# Exercise data:
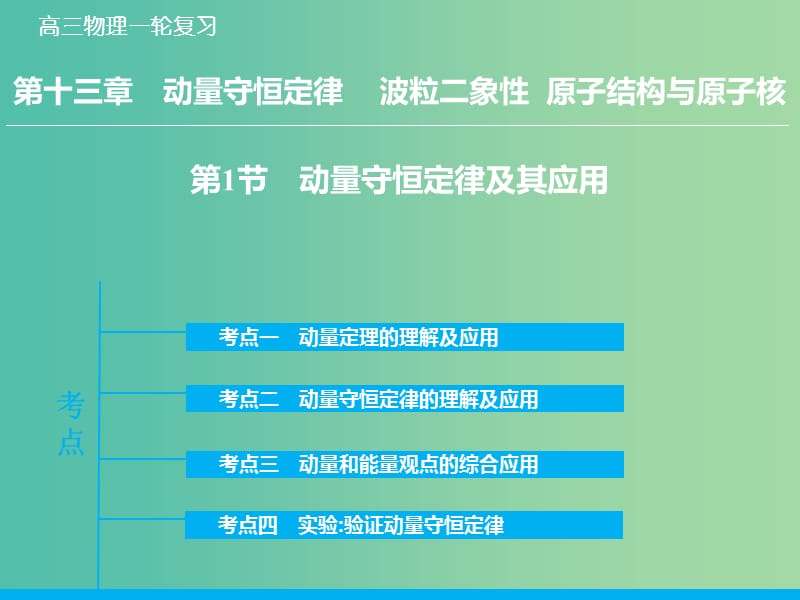 高考物理大一轮复习 13.1动量守恒定律及其应用课件 新人教版.ppt_第3页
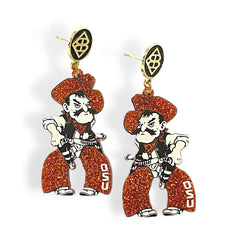 BRIANNA CANNON Orange Glitter PISTOL PETE Earrings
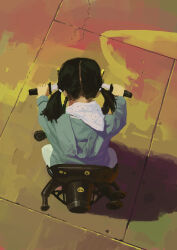  1girl black_hair child from_above highres original painting_(medium) riding_tricycle short_twintails slow_d solo traditional_media tricycle twintails 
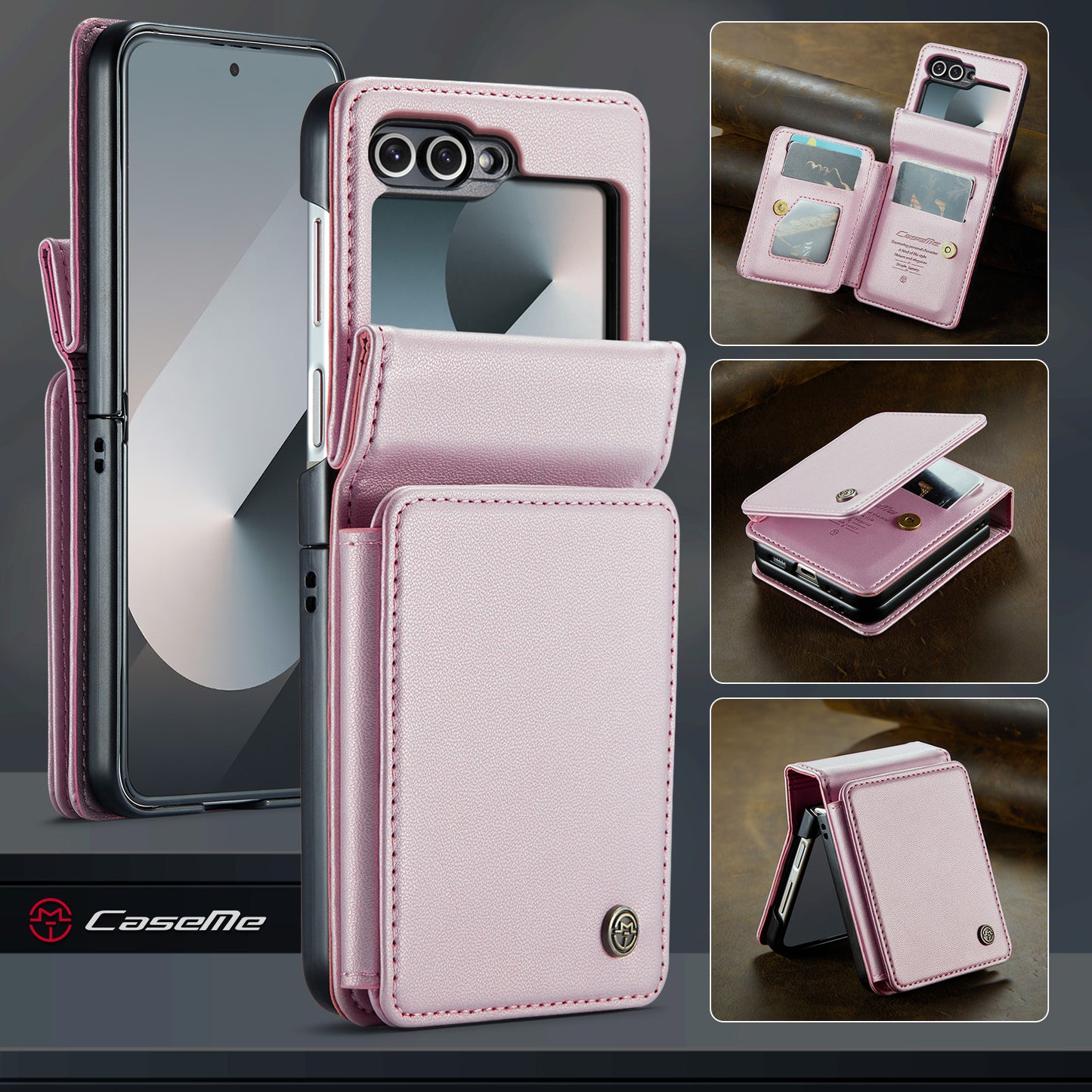 For Samsung Galaxy Z Flip7 FE 5G Case with RFID Blocking 5 Card Slots CASEME C22 Leather Back Cover - Pink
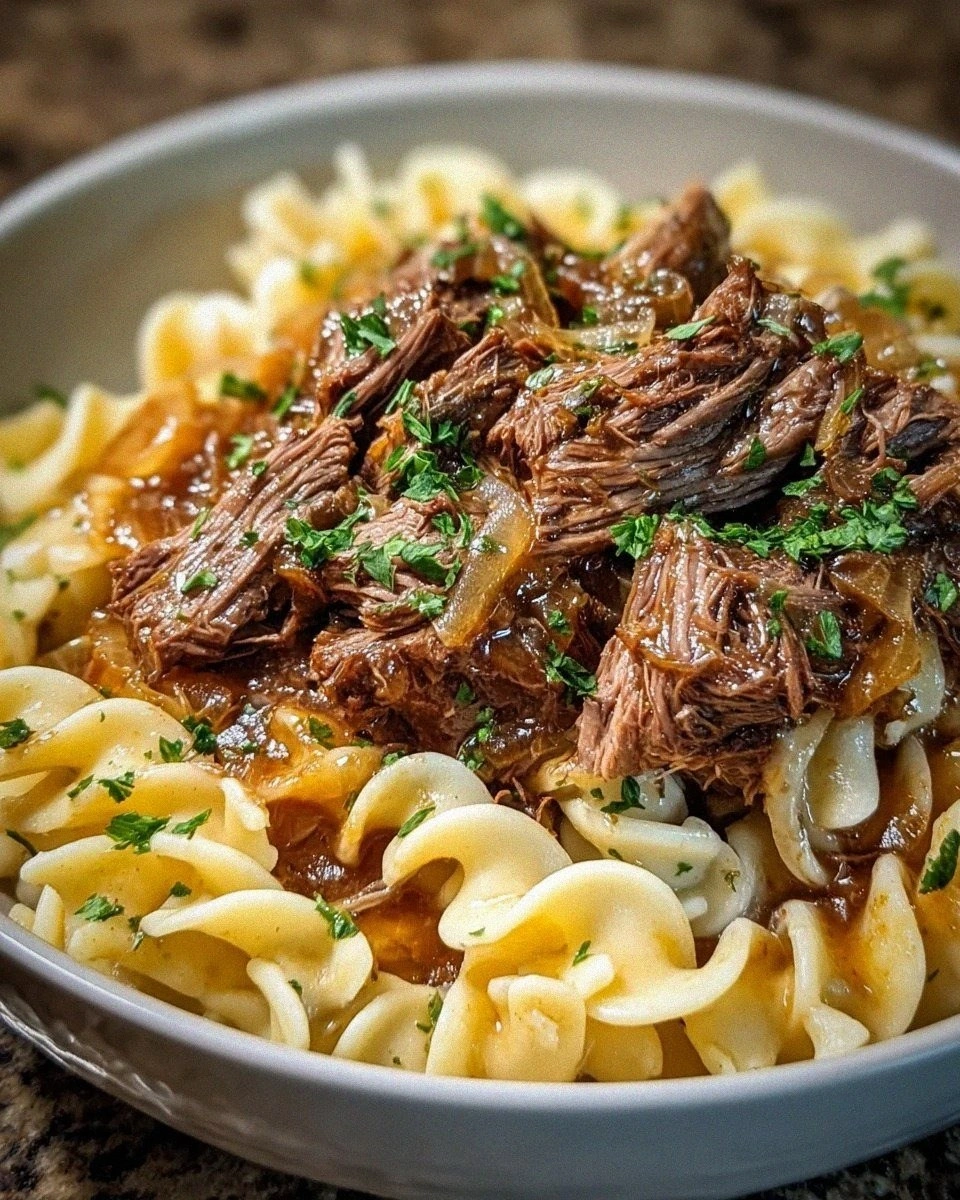 Crockpot French Onion Pot Roast Pasta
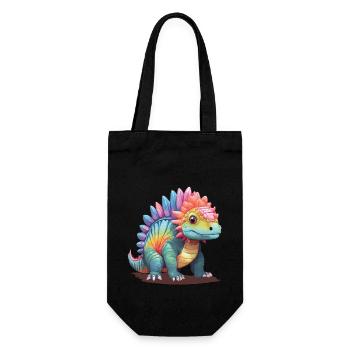 Pastel Stegosaurus Dinosaur for Kids - Gift Bag for Bottles - black - Front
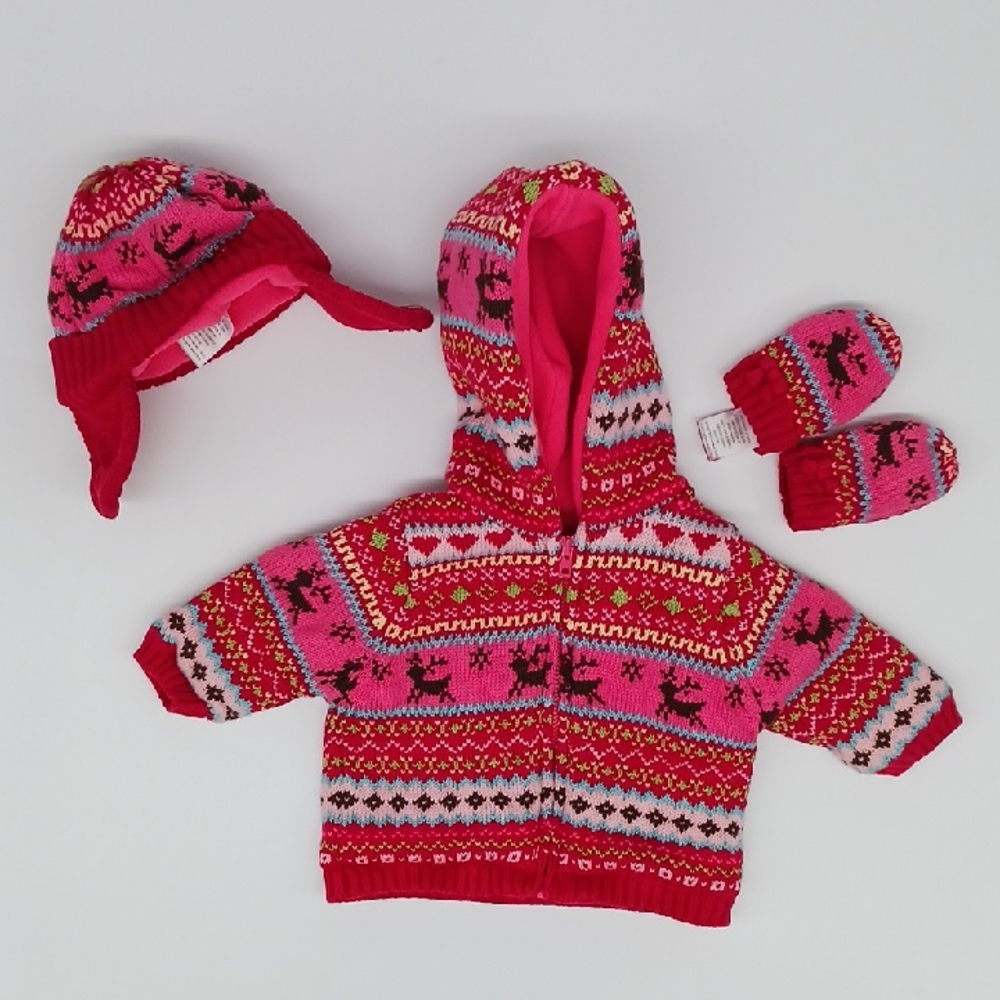 Gymboree Hooded Zipper Alpine Sweater Jacket With Matching Hat and Mitten (0-3M)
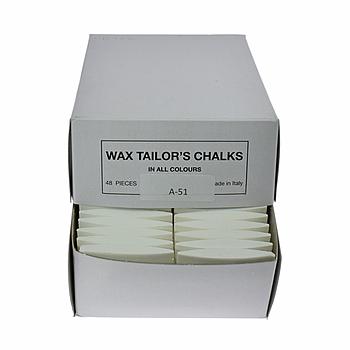 Tailor's Wax Chalks - WHITE - (48 pcs) - Made in Italy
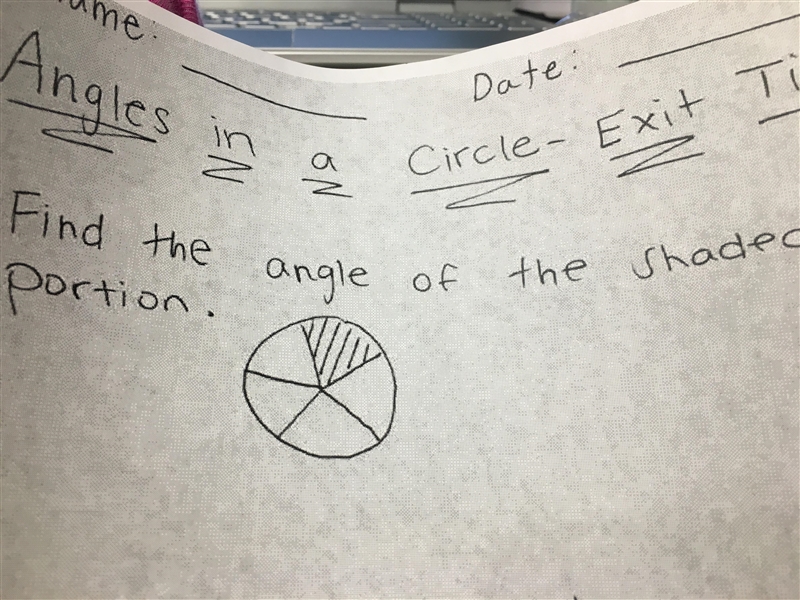 Find the angle of the shaded portion: 1/5-example-1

# Activity:
An exact transcription of all the entries is required, without the pictures.

# Problem solution:
 高考物理大一轮复习 13.1动量守恒定律及其应用课件 新人教版.ppt_第3页
 BRIANNA CANNON Orange Glitter PISTOL PETE Earrings
  1girl black_hair child from_above highres original painting_(medium) riding_tricycle short_twintails slow_d solo traditional_media tricycle twintails 
 For Samsung Galaxy Z Flip7 FE 5G Case with RFID Blocking 5 Card Slots CASEME C22 Leather Back Cover - Pink
 Crockpot French Onion Pot Roast Pasta
 Pastel Stegosaurus Dinosaur for Kids - Gift Bag for Bottles - black - Front
 Gymboree Hooded Zipper Alpine Sweater Jacket With Matching Hat and Mitten (0-3M)
 Tailor's Wax Chalks - WHITE - (48 pcs) - Made in Italy
 Find the angle of the shaded portion: 1/5-example-1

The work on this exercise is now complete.